Central arterial pressure was measured by inserting a micro-tip catheter (1.4 Millar Instruments, Houston, TX, USA) into the ascending aorta via the right carotid artery under 1.5% isoflurane anesthesia. The catheter was then further advanced into the left ventricle to obtain cardiac pressure parameters. Traces were recorded for at least three minutes and analyzed via LabChart7 software (ADInstruments, Dunedin, New Zealand).

2.6. Augmentation Index

The aortic augmentation index was identified from the late systolic portion of the arterial pressure wave as described previously [20]. The augmentation index was defined as the height from the augmentation point to the systolic peak of the pressure wave divided by the pulse pressure and was expressed as a percentage.

2.7. Western Blot

Fresh frozen kidneys were homogenized in RIPA lysis buffer supplemented with phosphatase inhibitor cocktail (Roche) and protease inhibitor cocktail (Roche). Kidney tissue homogenates were mixed with Laemmli sample buffer, fractionated on SDS-PAGE (20 μg/well), and transferred to a nitrocellulose membrane (Thermo Fisher Scientific, Waltham, Massachusetts, USA). Immunoblots were incubated overnight at 4 °C with primary antibodies, including monoclonal rat anti-human Klotho (1:500, KO603, Trans Genic Inc., Tokyo, Japan), polyclonal rabbit anti-phospho-NCC (pThr53, 1:1000, Novus Biologicals, Littleton, CO, USA), and monoclonal mouse anti-β-actin (1:5000, Sigma, St. Louis, MS, USA) in 2% (w/v) bovine serum albumin (BSA, Sigma) and washed in TBS-T buffer (150 mM NaCl, 10 mM Tris/HCl pH 7.4, 0.2% v/v Tween-20). After washing, membranes were incubated with horseradish peroxidase-conjugated secondary antibodies (Amersham Biosciences, Buckinghamshire, UK). Specific signal was visualized using ECL kit (Amersham Life Sciences, Arlington Heights, IL, USA). The protein bands were quantified by Image Studio Lite 5.2 software (LI-COR, Bad Homburg, Germany).
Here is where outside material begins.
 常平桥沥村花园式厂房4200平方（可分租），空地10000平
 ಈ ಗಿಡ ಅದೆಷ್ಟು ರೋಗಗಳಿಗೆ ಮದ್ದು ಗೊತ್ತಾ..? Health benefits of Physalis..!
2.8. Histological Evaluation

Hearts were fixed in 4% paraformaldehyde, paraffin-embedded, and cut into 5 μm sections. Fibrotic tissue was visualized by staining with picrosirius red according to a standard protocol. Total collagen was quantified using ImageJ software and was expressed as the ratio of collagen-stained area to total muscle area of the left ventricle and septum. For the analysis of cardiomyocyte size, cardiac sections were stained with FITC-labeled wheat germ agglutinin. At least ten random areas of the heart were measured, and only cardiomyocytes with well-defined borders and visible nuclei were used. Images were obtained by the Zeiss LSM 880 Airyscan confocal microscope and analyzed using semi-automated Image J software. All histological images were analyzed by two independent investigators in a blinded manner.

2.9. Immunofluorescence

Kidneys fixed in paraformaldehyde (PFA)-fixed were cut in 5-μm-thick paraffin sections. Sections were dewaxed, demasked for 20 min with proteinase K, and, after washing, pretreated with 10% normal goat serum in PBST for 60 min at room temperature (RT). Without rinsing, sections were incubated with polyclonal rabbit anti-pNCC (Novus Biologicals, 1:200) antibody at 4 °C overnight. After washing, sections were incubated for 1 h with goat anti-rabbit Alexa 594 (1:500, Invitrogen, Waltham, MA, USA). Nuclear staining was performed with DAPI (1:1000) for 5 min. Controls were performed by omitting primary antibodies. The slides were analyzed on a Zeiss LSM 880 Airyscan confocal microscope equipped with a 63× oil immersion lens (NA 1.3).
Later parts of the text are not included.